December 4, 2023

The 70s 80s 90s Blog

Three Decades of History with TV historian Tony McMahon

1979 UK General Election changes history

2 min read
The 1979 general election saw Margaret Thatcher swept to power in the United Kingdom ushering in an era of polarisation as well as free market economics

1979 was a pivotal year for world politics – only rivalled by 2016 with the election of Donald Trump as US president. Back in 79, Margaret Thatcher swept to power in the UK general election followed by Ronald Reagan in the United States.

It heralded an era of free market economics and initially a drift to socially conservative attitudes – especially towards ethnic minorities and LGBT people. It’s sometimes conveniently forgotten that Thatcherism may have been economically “liberal” but not socially. The socially liberal Conservative Party epitomised by David Cameron was decades away.

The 1979 general election marked the end of a post-war era of political and economic consensus. Since 1945, both main parties had accepted a mixed economy – part state and part privately owned. Industry was managed in a tripartite arrangement between bosses, unions and government with formalised structures for regular talks.

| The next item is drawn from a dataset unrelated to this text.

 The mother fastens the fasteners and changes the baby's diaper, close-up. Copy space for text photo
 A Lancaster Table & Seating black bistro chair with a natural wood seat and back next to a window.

State owned bodies had run the utilities and key industries with commissions regulating pay and prices. Government departments determined policy and practice in large swathes of the economy because Whitehall owned the steel, gas, mining and other sectors.

All of this came to an end in the 1979 general election. Thatcher and her free market coterie took on organised labour but also elements in her own party who preferred a “One Nation” vision of society to her more aggressively individualist vision.

On the left, there was a parallel movement of Marxists and socialists who also rejected the post-war consensus but wanted a very different kind of society with workers’ control and the end of capitalism.

The 1979 general election saw three main protagonists duke it out for the keys to Number Ten. Thatcher was by far the most energetic and with everything to win. Labour leader Jim Callaghan was more popular as a person but had dithered over calling an election for a year in which the unions had staged major industrial action – the so-called Winter of Discontent – eroding Labour’s standing in the polls. By the election, he came across as a man weary of high office.

In the middle was David Steel, the Liberal leader, who had been propping up Labour in the so-called Lib-Lab pact – as Labour lost its majority during its 1974-79 term in office. This pact would damage the Liberals, many of whose supporters switched to the Tories. In fact, Labour’s vote didn’t slump so much as the Liberals collapsed into Thatcher’s arms.